Neoadjuvant Doxorubicin-Paclitaxel Combined Chemotherapy in Patients with Inoperable Stage III Breast Cancer: A Retrospective Cohort Study with 10 Years of Follow-Up in Vietnam

Doxorubicin and paclitaxel are well known as the most effective neoadjuvant and adjuvant treatments for breast cancer [4, 8]. Our analysis is one of the few studies reporting 10-year outcomes for patients treated with the AP regimen. This study presents a Vietnamese experience of neoadjuvant treatment for stage III breast cancer with a combination of paclitaxel and doxorubicin. It demonstrates the effectiveness of this regimen and identifies reliable long-term prognostic factors affecting patient outcomes. These predictive factors will be a valuable tool to inform oncologists in similar contexts to help them in adjusting management and follow-up plans. Our study demonstrates that the AP regimen is a promising neoadjuvant chemotherapy regimen for patients with stage III breast cancer. Neoadjuvant chemotherapy in this study achieved high clinical responses, with clinical CR and PR rates of 29.4 and 65.1%, respectively. The overall response rate was 94.5%. Stable disease was observed in four patients (3.2%), while disease progression was observed in three patients (2.4%). Other neoadjuvant chemotherapy studies have consistently shown a low risk of progressive disease during chemotherapy (less than 5%) [4, 5, 8]. Of 37 patients with a clinical CR, 15 breast cancer patients (40.5%) achieved pCR.

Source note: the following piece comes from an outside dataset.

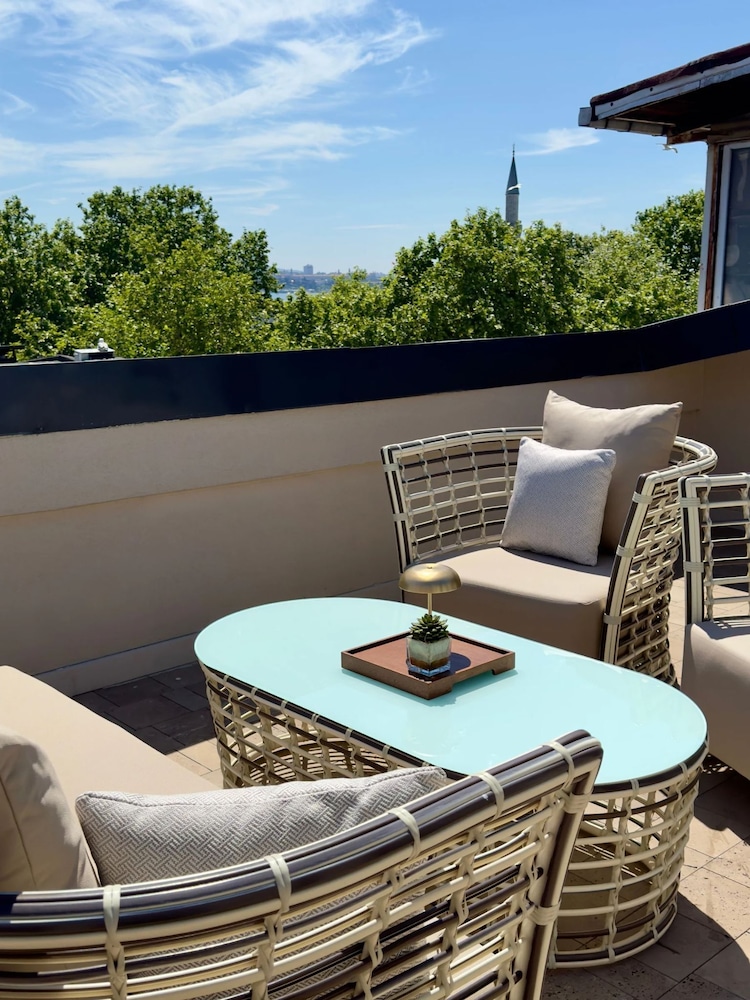Weingart Suites Hotel 50/58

Many studies around the world have determined that the main goal of neoadjuvant chemotherapy is the pCR rate. pCR is a predictor for disease free-survival and overall survival [9]. In this study, 25.4% (32 of 126 patients) achieved pCR. Diéras et al. studied 200 patients who received neoadjuvant chemotherapy with an AP regimen or doxorubicin plus cyclophosphamide (AC) regimen. The pCR rates were 16% and 10% of patients in the AP and AC arms, respectively [8]. Malhotra et al. [15] reported a pCR rate of 15%, while other studies have reported rates in the range of 3–46% [9, 16]. The rate of pCR can vary depending on the definition of pCR as well as the clinicopathological characteristics. In our study, pCR was defined as the absence of invasive cancer in breast and axillary lymph nodes (ypT0/is ypN0).

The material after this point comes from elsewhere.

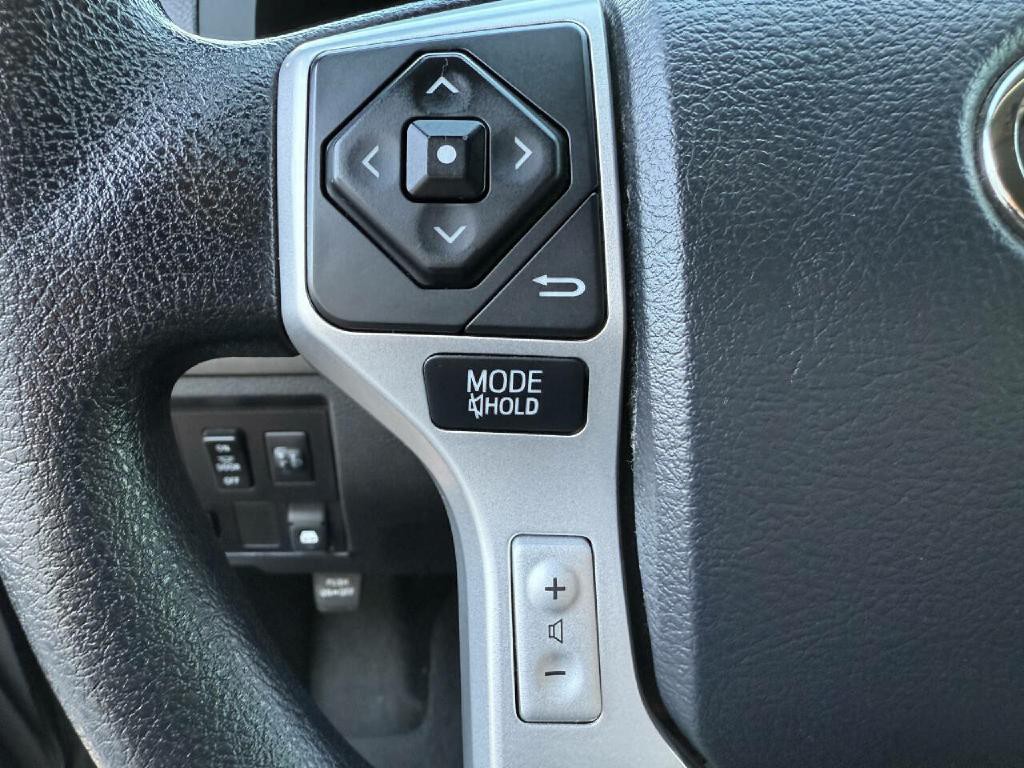 2016 Toyota Tundra Image 26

Several studies have investigated the factors predicting pCR. Our study found significant associations between pCR and histological grade, clinical tumor stage, HER2 status, HR status, and clinical response. Our results are consistent with those of other studies. We found that higher cT-stages were associated with significantly lower pCR rates than lower cT-stages (cT3–4 vs. cT1-2; p < 0.05). Goorts et al. (n = 2366) reported that pCR rates for cT1, cT2, cT3, and cT4 were 31, 22, 18, and 17%, respectively. A significant finding from the study was that patients with a lower cT-stage (cT1-2) had a higher pCR rate than those with a higher cT-stage (cT3–4), and this was found to be an independent predictor (OR 3.15, p < 0.001) [17]. Furthermore, previous meta-analyses demonstrated a higher pCR rate in HR-negative or HER2-positive patients than in HR-positive or HER2-positive patients. Von Minkwitz et al. analyzed 6377 breast cancer patients receiving preoperative anthracycline-taxane chemotherapy in seven clinical trials. The results showed that the CR rate was 7.6% in the group of ER-positive patients, 26% in ER-negative patients, 7.4% in PgR-positive patients, and 22.9% in PgR-negative patients (p < 0.001) [18]. Yanli et al. studied 261 patients with operable primary breast cancer receiving neoadjuvant chemotherapy, with a pCR rate of 29.1%. The factors related to the pCR rates were as follows: ER (negative: 57.9% vs. positive: 42.1%), PgR (negative: 65.8% vs. positive: 34.2%), and HER2 status (positive: 54.7% vs. negative: 45.3%) [19]. Hong et al. reported that the pCR rate in the breast was higher in HER2-positive patients (HER2 positive: 33.3% vs. negative: 10.0%, p = 0.002) [20]. Cortazar et al. analyzed 12 studies on neoadjuvant therapy and found that the HER2-positive patients had higher pCR than those with HER2-negative disease [9].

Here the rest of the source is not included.